▶ **The problem**
Your task is to repeat the entries word for word while leaving out the pictures.

(Items from a data source)
---------------
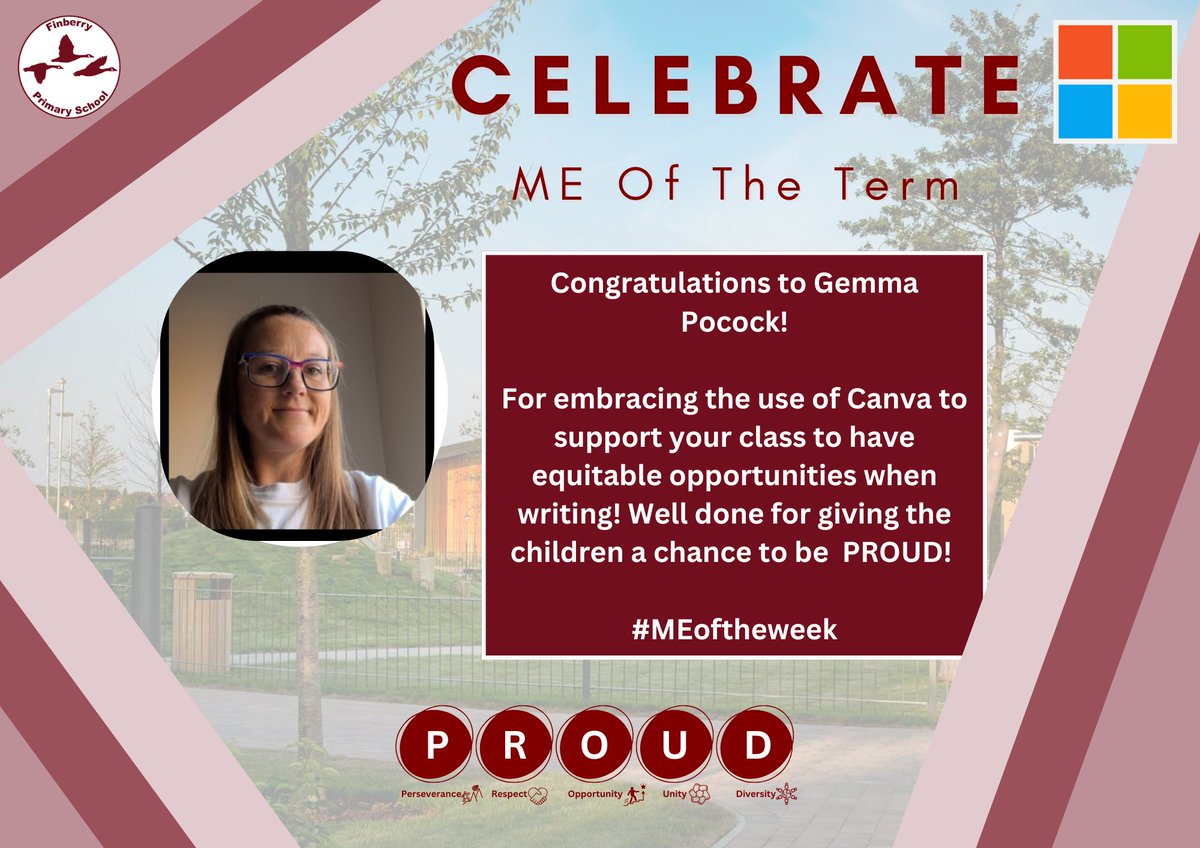 Finberry Primary School (@finberryprimary) on Twitter photo π Big congratulations to Gemma Pocock, our #Microsoft Educator of the Term! Embracing <a href="/CanvaEdu/">Canva for Education</a> to give students equitable writing opportunities β what a fantastic achievement! Well done for making a difference, Gemma! πβοΈ #MEOftheWeek <a href="/MicrosoftEDU/">Microsoft Education</a> π Big congratulations to Gemma Pocock, our #Microsoft Educator of the Term! Embracing <a href="/CanvaEdu/">Canva for Education</a> to give students equitable writing opportunities β what a fantastic achievement! Well done for making a difference, Gemma! πβοΈ #MEOftheWeek <a href="/MicrosoftEDU/">Microsoft Education</a>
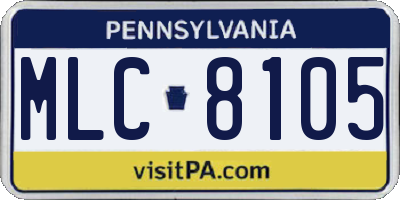 PA license plate MLC8105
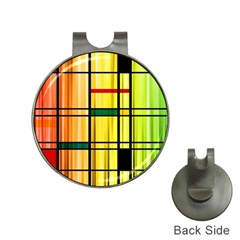 Line Rainbow Grid Abstract Hat Clips With Golf Markers by BangZart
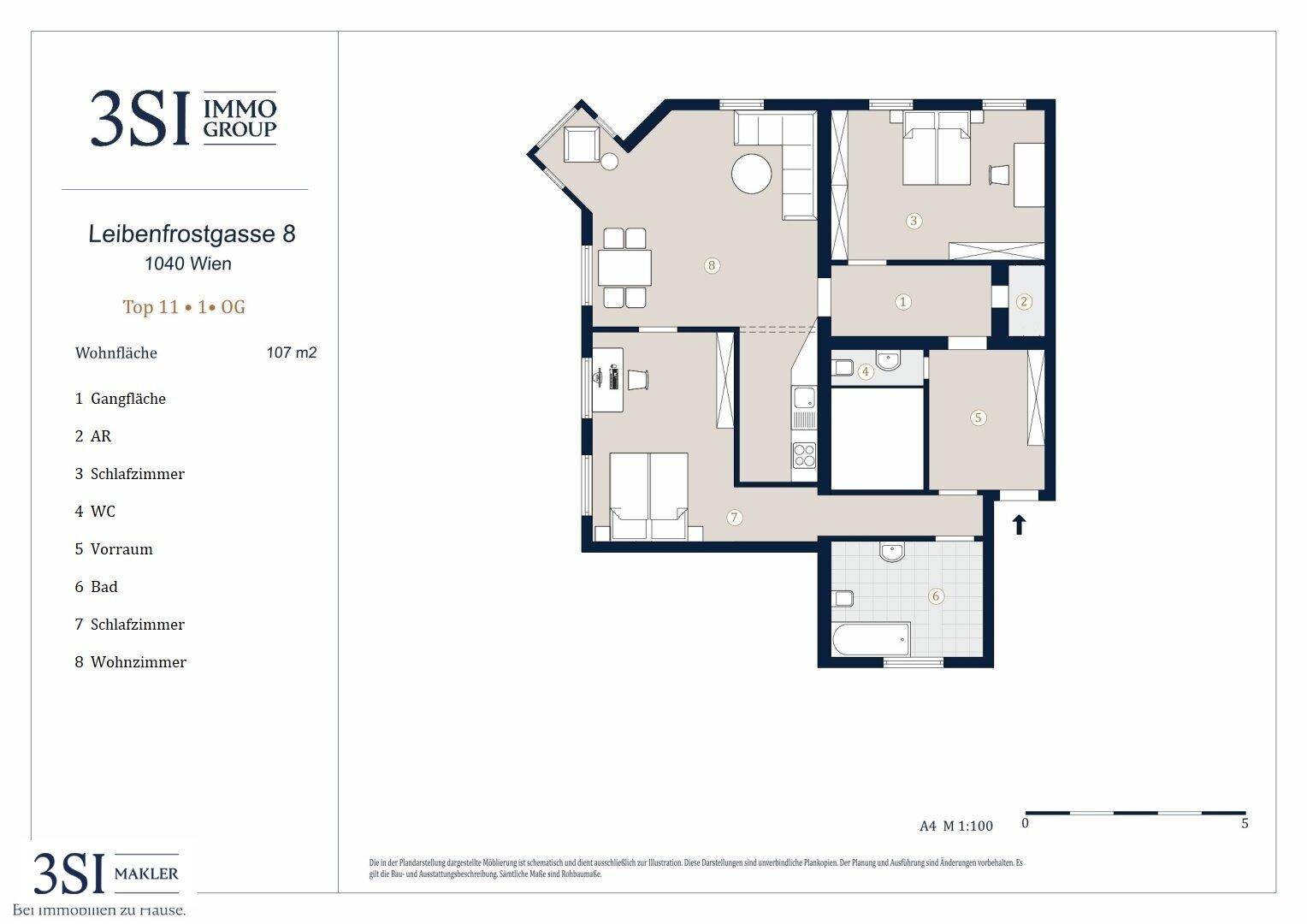 Detaillierter Grundriss einer modernen Wohnung mit offenem Wohn-Essbereich, drei Schlafzimmern und zwei Bädern.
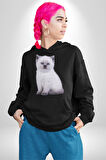 Beyaz Yavru Kedi Kadın Erkek  Siyah Kapüşonlu Sweatshirt Hoodie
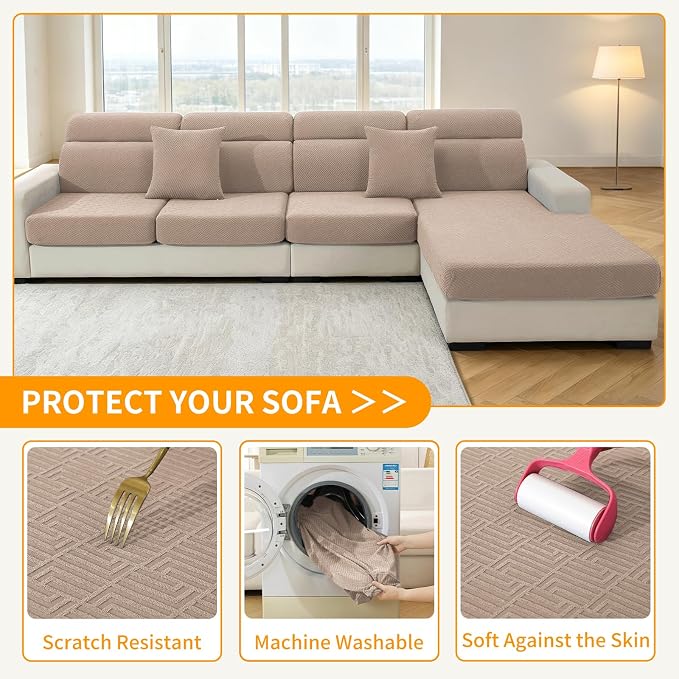 XINEAGE Couch Cushion Covers, Loveseat Seat Slipcovers - Image 6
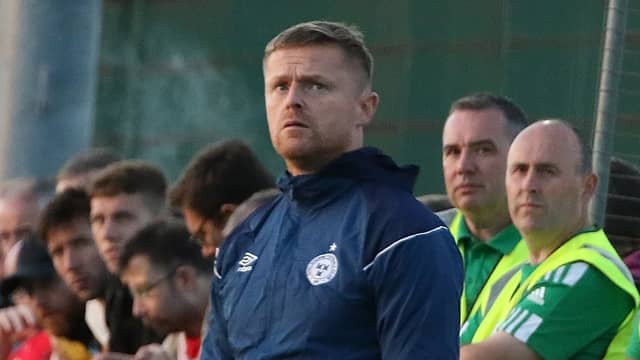 Shelbourne manager Damien Duff looking on during the Extra.ie FAI Senior Cup second round tie with Bonagee United at Dry Arch Park, Letterkenny on Friday evening. Photo: Thomas Gallagher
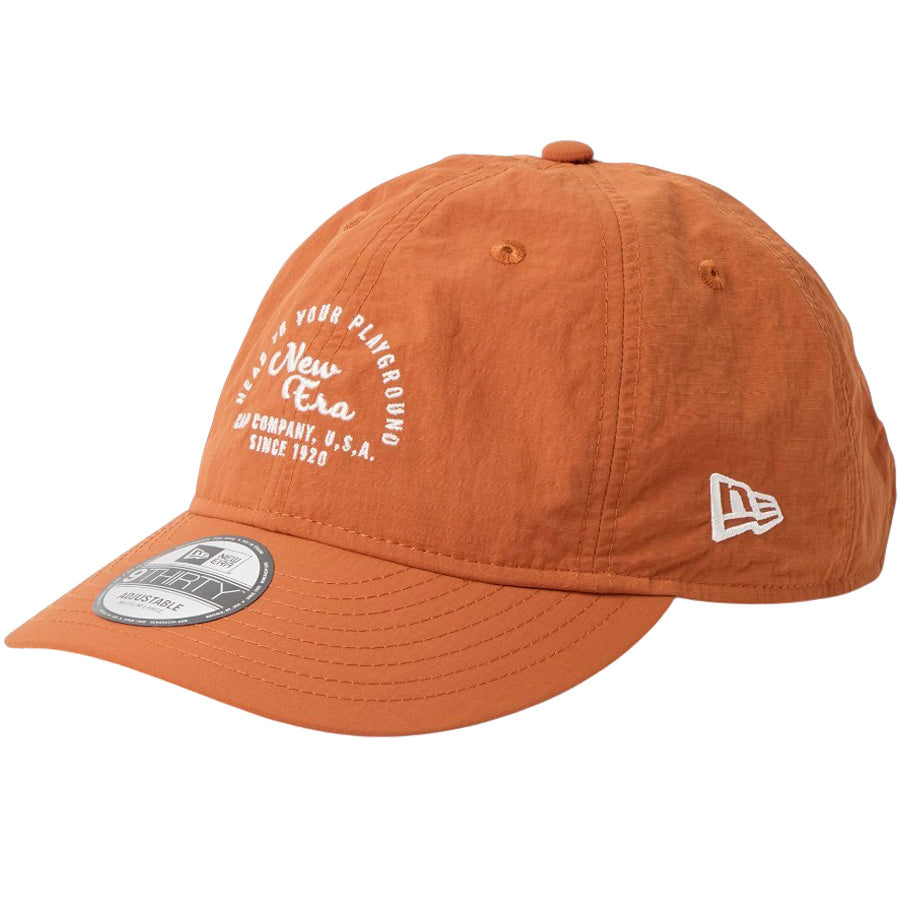 ニューエラ キャップ 帽子 NEW ERA CAP 9THIRTY Recycle Rip Stop リサイクル リップストップ アーチロゴ ラストオレンジ 14774413｜アウトドア 右斜め前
---------------
▶ **Exercise response**
 Finberry Primary School (@finberryprimary) on Twitter photo π Big congratulations to Gemma Pocock, our #Microsoft Educator of the Term! Embracing <a href="/CanvaEdu/">Canva for Education</a> to give students equitable writing opportunities β what a fantastic achievement! Well done for making a difference, Gemma! πβοΈ #MEOftheWeek <a href="/MicrosoftEDU/">Microsoft Education</a> π Big congratulations to Gemma Pocock, our #Microsoft Educator of the Term! Embracing <a href="/CanvaEdu/">Canva for Education</a> to give students equitable writing opportunities β what a fantastic achievement! Well done for making a difference, Gemma! πβοΈ #MEOftheWeek <a href="/MicrosoftEDU/">Microsoft Education</a>
 PA license plate MLC8105
 Line Rainbow Grid Abstract Hat Clips With Golf Markers by BangZart
 Detaillierter Grundriss einer modernen Wohnung mit offenem Wohn-Essbereich, drei Schlafzimmern und zwei Bädern.
 Beyaz Yavru Kedi Kadın Erkek  Siyah Kapüşonlu Sweatshirt Hoodie
 XINEAGE Couch Cushion Covers, Loveseat Seat Slipcovers - Image 6
 Shelbourne manager Damien Duff looking on during the Extra.ie FAI Senior Cup second round tie with Bonagee United at Dry Arch Park, Letterkenny on Friday evening. Photo: Thomas Gallagher
 ニューエラ キャップ 帽子 NEW ERA CAP 9THIRTY Recycle Rip Stop リサイクル リップストップ アーチロゴ ラストオレンジ 14774413｜アウトドア 右斜め前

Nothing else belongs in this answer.